Ce gros roman d’environ six cents pages adopte une narration alternée entre les événements qui se produisent à bord du Gilgamesh et l’évolution de la société aranéide, mais avec un écoulement du temps particulièrement lent, car il s’agit bien ici d’une intrigue qui s’étend sur plusieurs millénaires. Ainsi, Holsten Mason, le linguiste du Gilgamesh, va de réveil en cryogénisation, et subit régulièrement les changements, nombreux, qui se produisent sur le navire. Ainsi, Portia, l’araignée qui, à chaque génération, bâtit sur les épaules de ses prédécesseurs, franchissant les uns après les autres les jalons technologiques ou scientifiques… Cette narration par épisodes constitue l’un des intérêts du roman : même s’il peut parfois être frustrant d’abandonner l’intrigue en pleine action —Tchaikovsky sait se montrer cruel envers son lecteur —, elle permet de vraiment prendre conscience du caractère primordial du temps dans le développement des relations humaines ou aranéides. La narration alternée, quant à elle, n’apporte en revanche pas grand-chose, car les scènes ne se répondent pas réellement, et on a plutôt l’impression de lire deux romans enchâssés qu’un seul et unique livre ; Tchaikovsky tisse néanmoins des liens qui trouveront leur aboutissement dans une scène finale homérique.

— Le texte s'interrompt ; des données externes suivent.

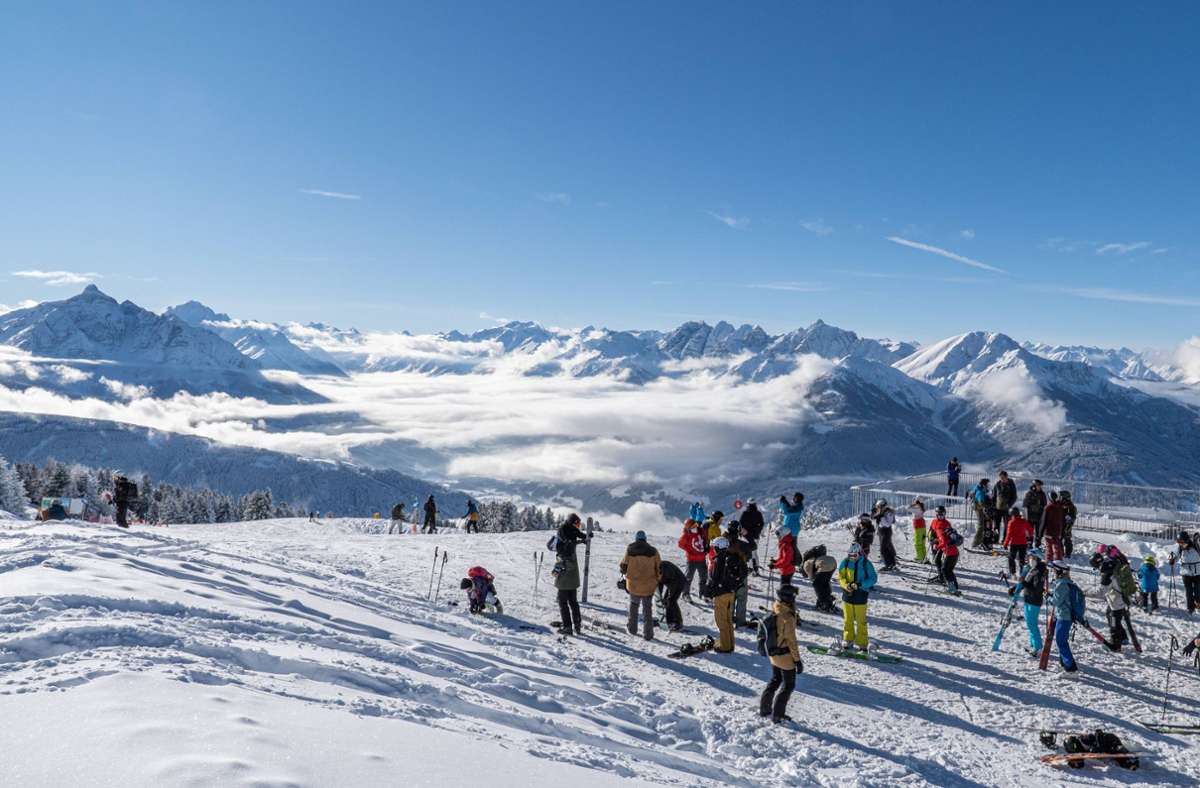 Stand jetzt kann  man in der gesamten Alpenregion Skifahren. In Deutschland, Österreich und Italien gilt die 3G-Regel (getestet, genesen oder geimpft) sowie die Maskenpflicht in Seilbahnen. In der Schweiz reicht bislang eine Maske aus, Tests sind nicht nötig.
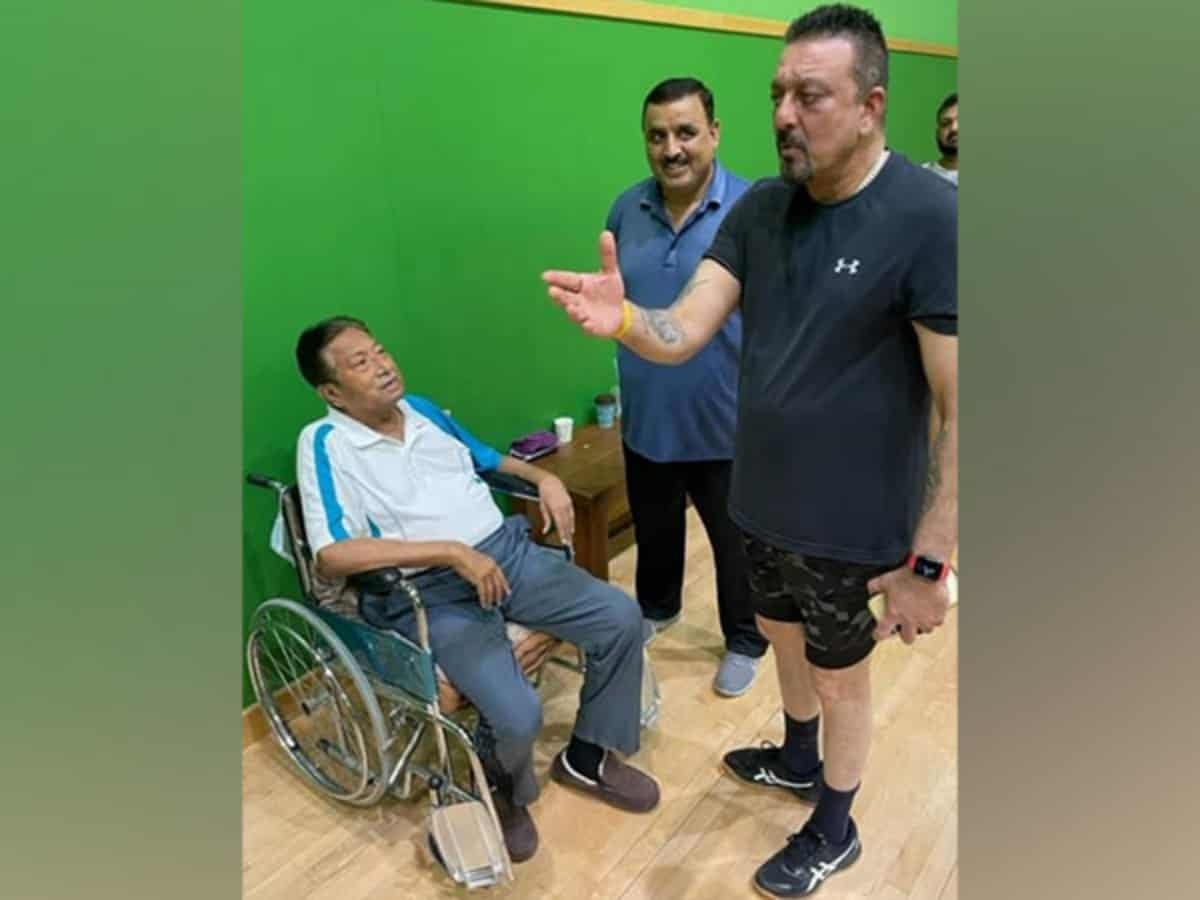 Pic of Sanjay Dutt with former Pakistan President Pervez Musharraf goes viral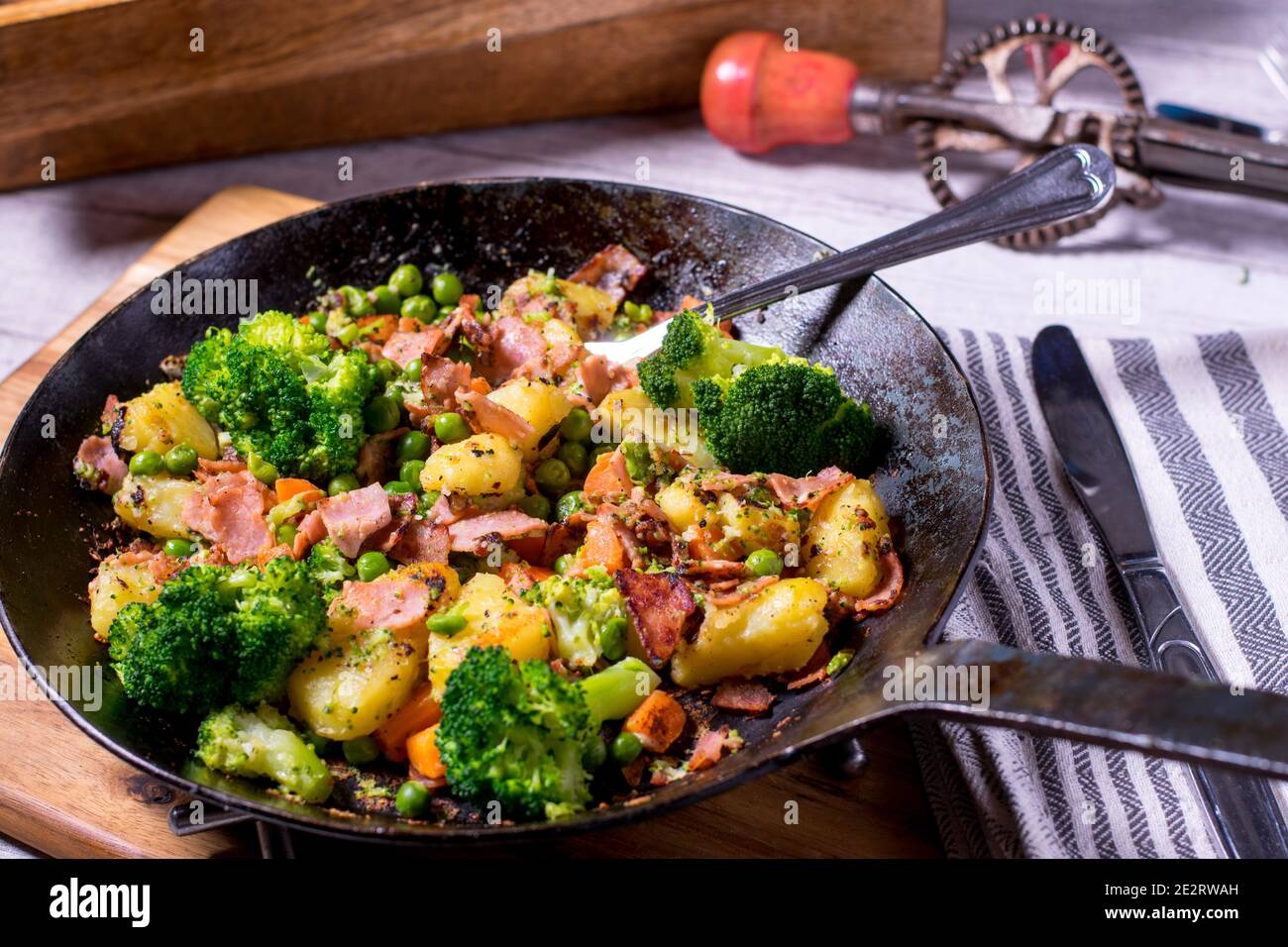 Verduras y carne fotografías e imágenes de alta resolución Alamy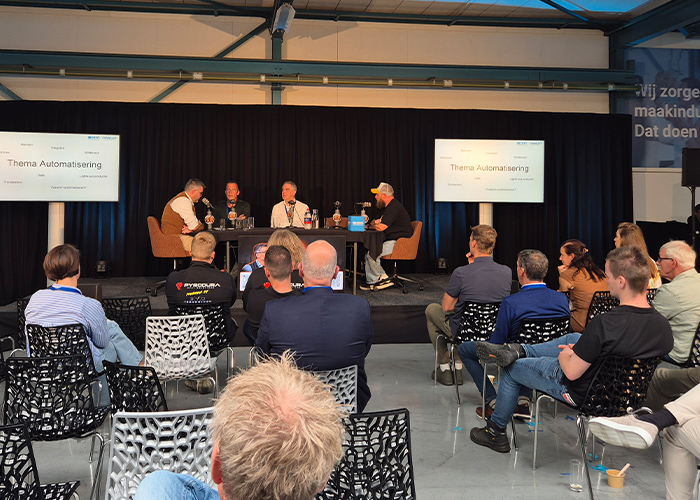 Tijdens de opening van Connext Live werden live podcasts opgenomen. Hier zijn de Maakbazen Bart Stallen en Dirk Mescher in gesprek met Remco Koolmees van Koolmees Metal Group en Bart Kroesbergen van JOOP over het thema automatisering.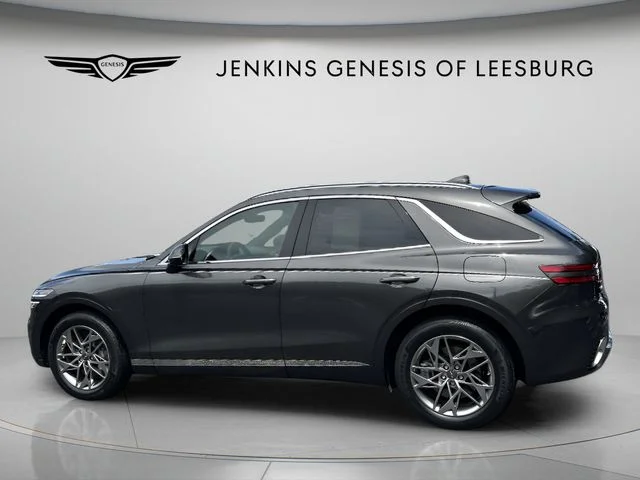 Used 2025 Gray Genesis 2.5T image 8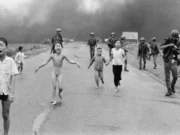 ¿Quién tomó realmente la foto de la niña del napalm, una de las imágenes más famosas de la historia?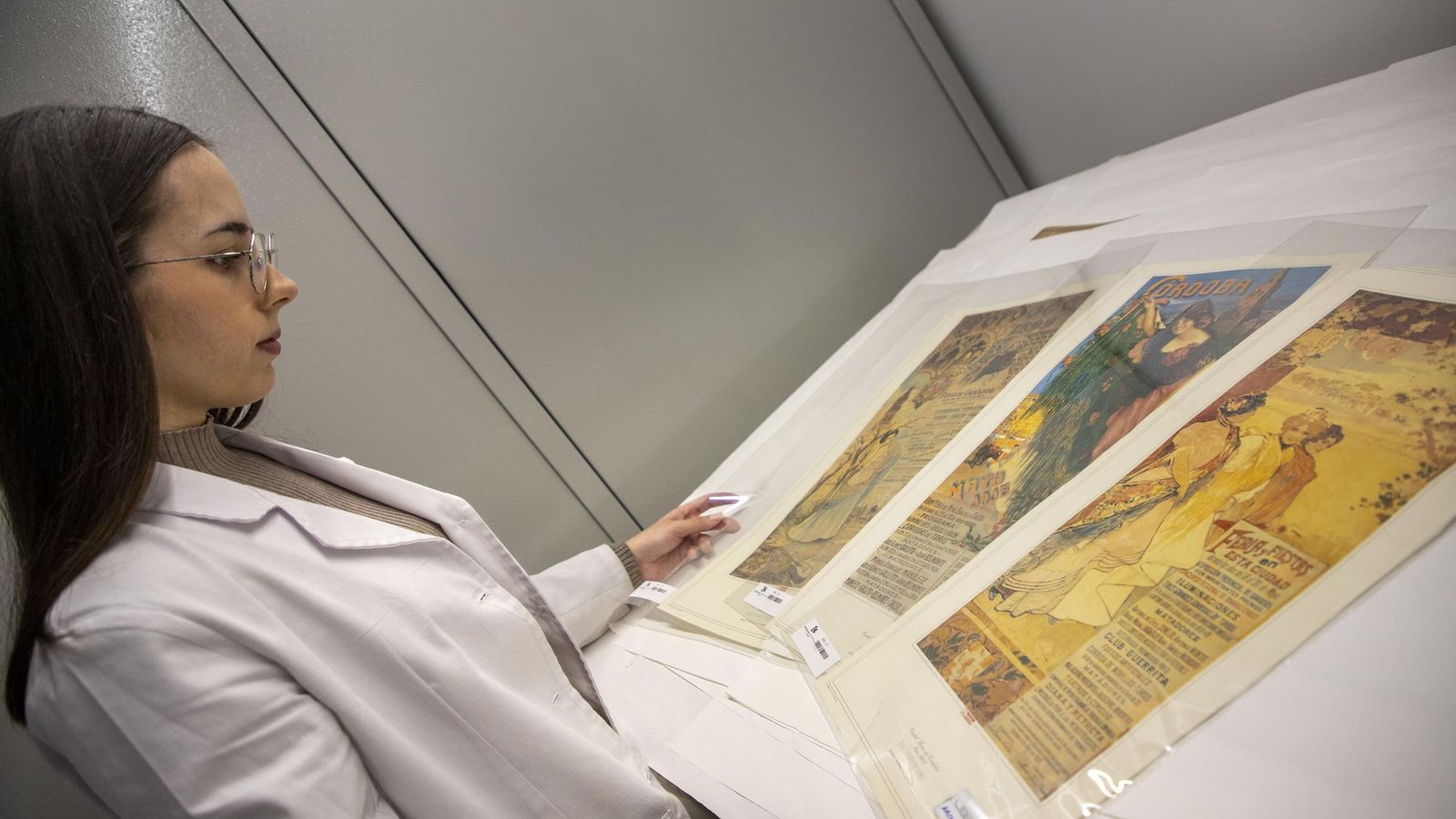 Una de las contradas muestra algunas de las imágenes recuperadas para la web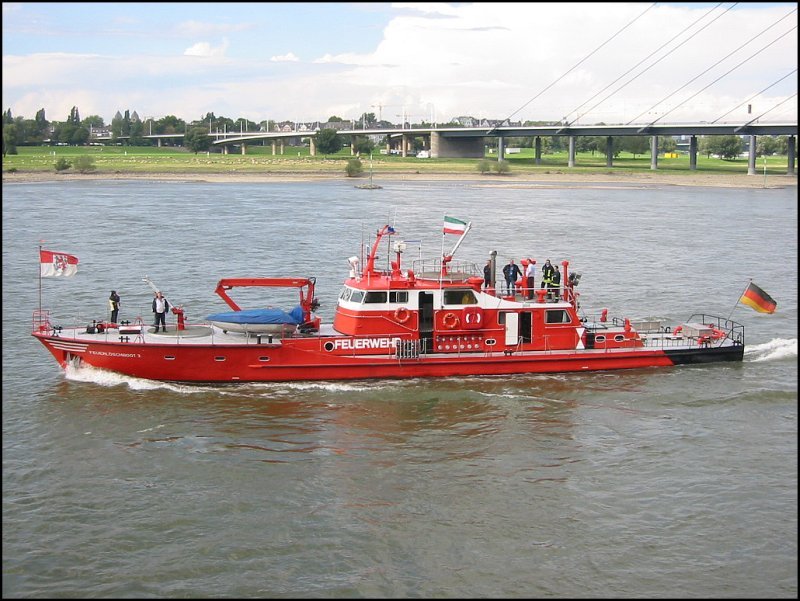 Ein Feuerwehrboote auf dem Rhein bei Dsseldorf, aufgenommen am 10.09.2006.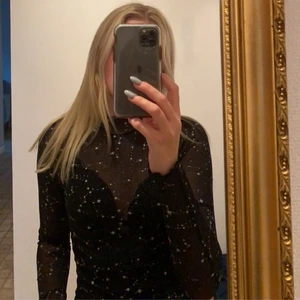 Glittrig genomskinlig svart topp  - Så fin festtopp som e jättesnygg o ha över en svart bralet. Köpt för 220kr, aldrig använd. Storlek S❣️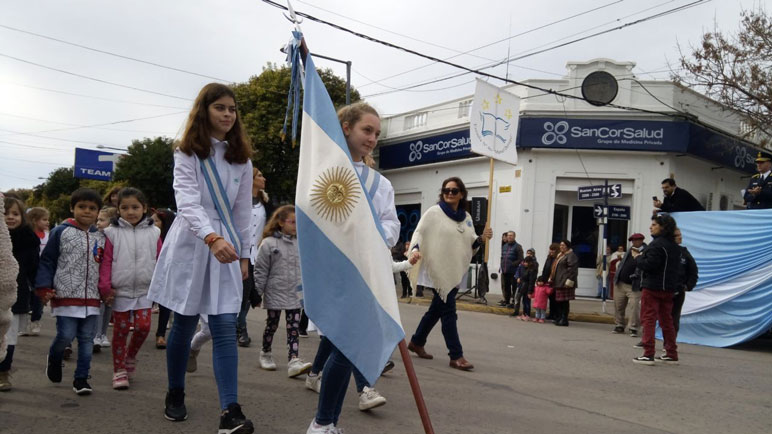Las mejores imágenes del desfile patriótico por las calles de la ciudad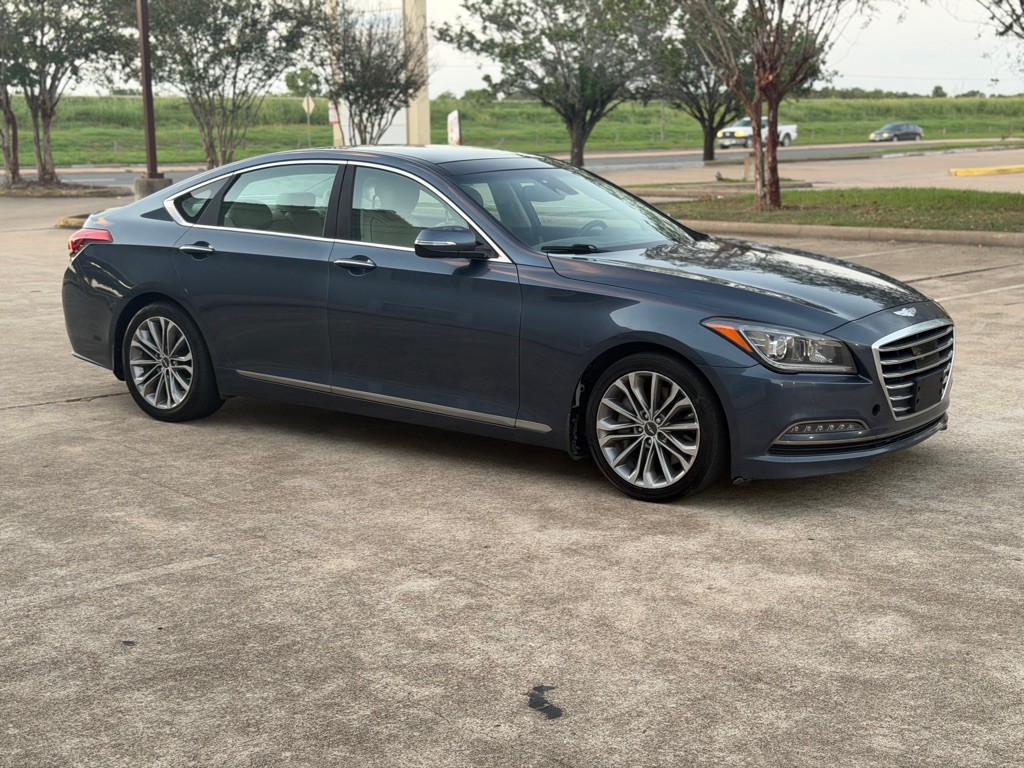 2016 Hyundai Genesis Image 4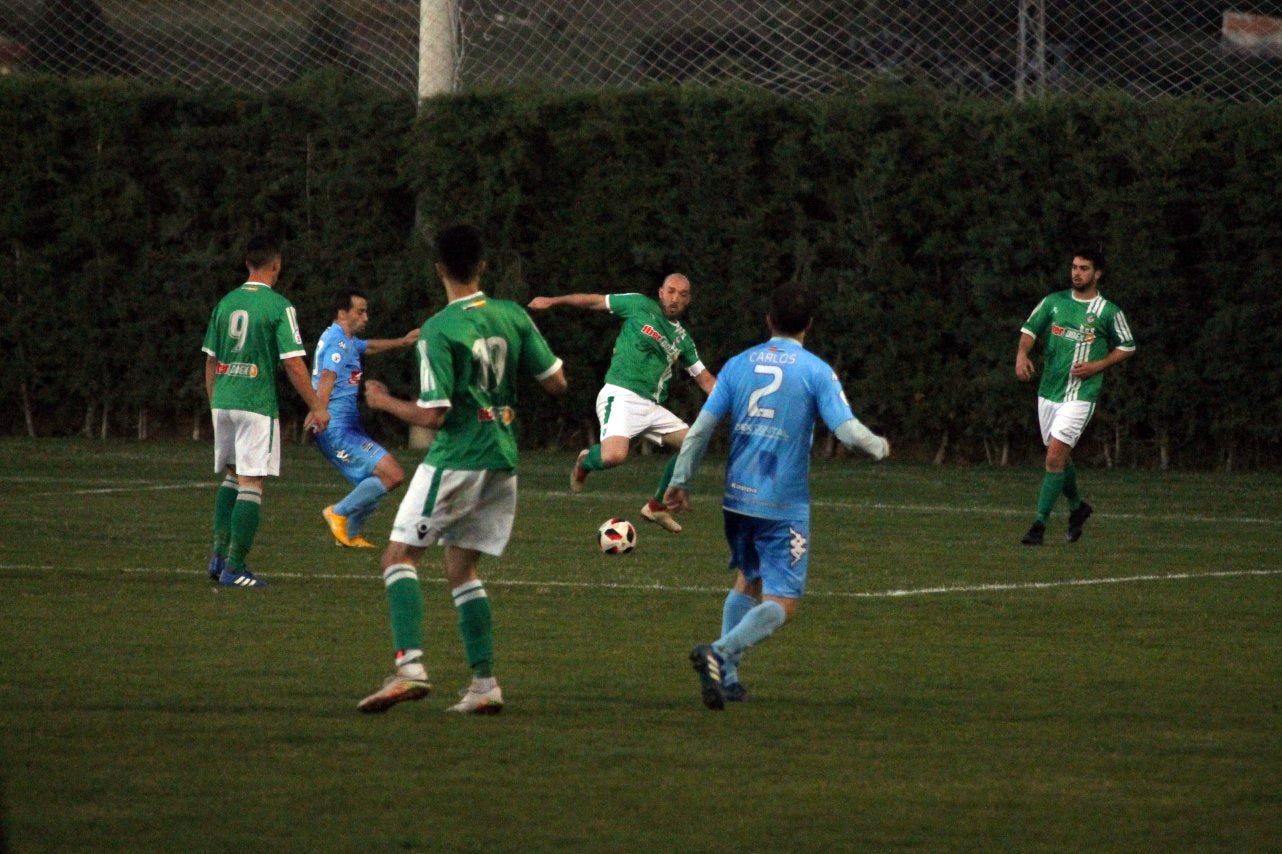 Imágenes del encuentro de la 35ª jornada de liga en Tercera División disputado en el Municipal de San Roque y que finalizó 2-1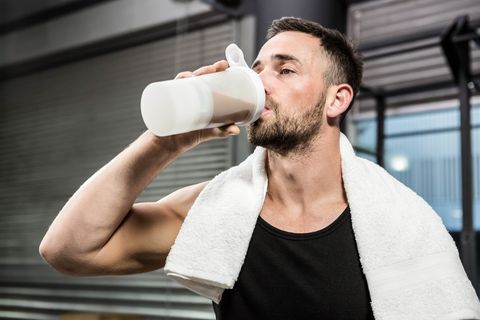 Káº¿t quáº£ hÃ¬nh áº£nh cho drinking protein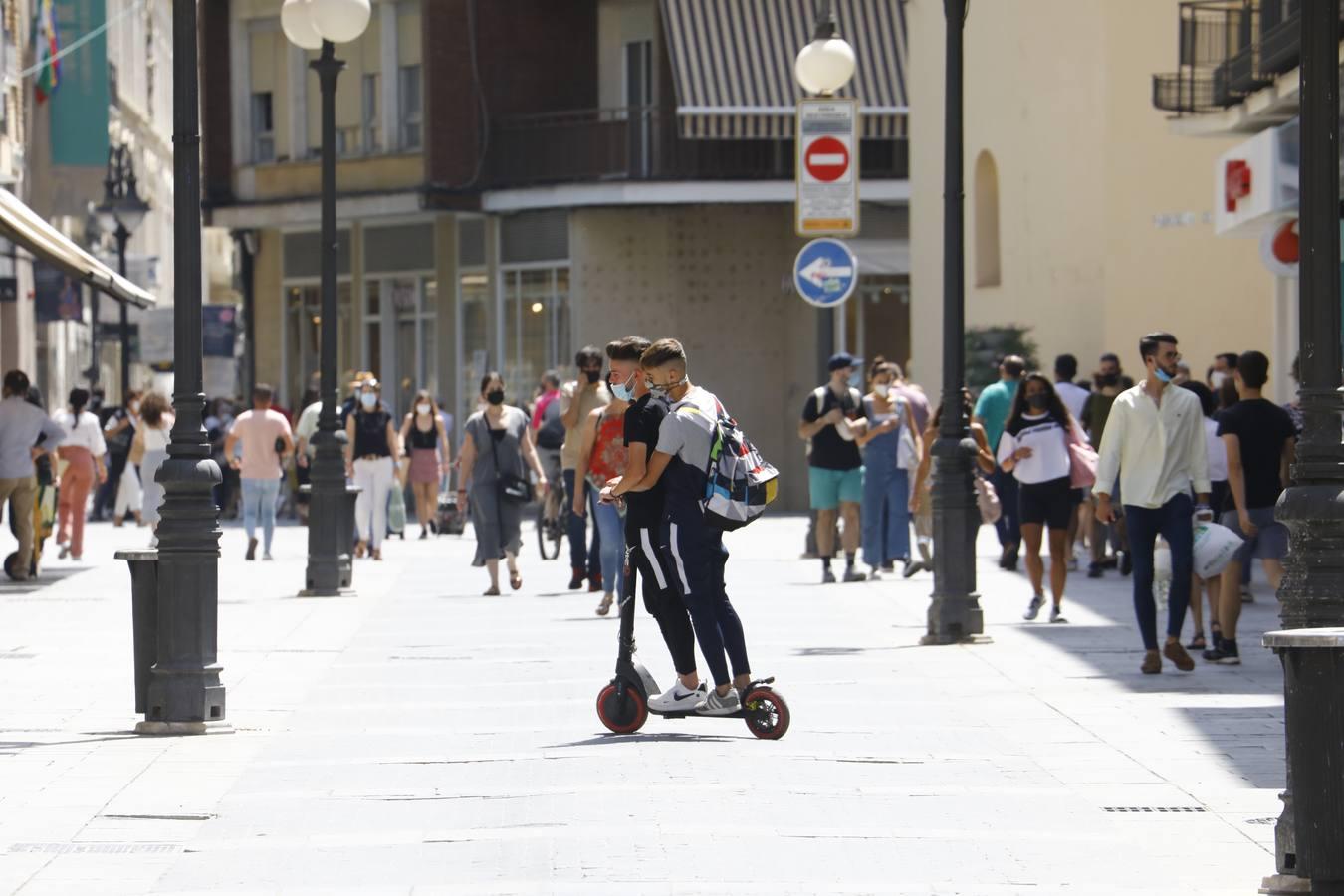 El auge de los patinetes eléctricos en Córdoba, en imágenes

Dans la toile du temps est également un roman touffu, au sens qu’il brasse pas mal de thématiques classiques en science-fiction, ce que permet de démultiplier le procédé de narration : d’une part la fin de l’humanité et les vaisseaux-arches, d’autre part une société extraterrestre — car, même s’il s’agit d’araignées, l’auteur brode admirablement dessus et nous donne à voir des progrès scientifiques qu’on n’aurait pas imaginés — confrontée à son premier contact. Mais Tchaikovsky y adjoint l’intelligence artificielle au travers du personnage de Kern, et s’empare également des figures divines ou messianiques (Kern et sa relation ambivalente avec sa création, ou encore le commandant du Gilgamesh, Guyen, investi de la mission de sauver l’humanité au risque de se croire seul capable d’y parvenir et de virer mégalomane). Ajoutez-y une touche d’aspect social — le rusé retournement de situation de la place du mâle au sein de la société aranéide —, et vous aurez une petite idée des ingrédients distillés par l’auteur.
Au final, on pourra penser que Tchaikovsky, à trop courir de lièvres à la fois, nous propose un roman parfois un peu boursouflé, et qu’il aurait peut-être été plus avisé de le dégraisser, voire d’en faire deux romans séparés (suggestion d’explication des choix de l’auteur : il a d’abord eu en tête l’idée de la scène finale et s’est échiné à la mettre en œuvre). Mais, en l’état, il n’en demeure pas moins très prenant, astucieux et bien fichu : en somme, une excellente entrée en matière pour découvrir l’œuvre d’Adrian Tchaikovsky.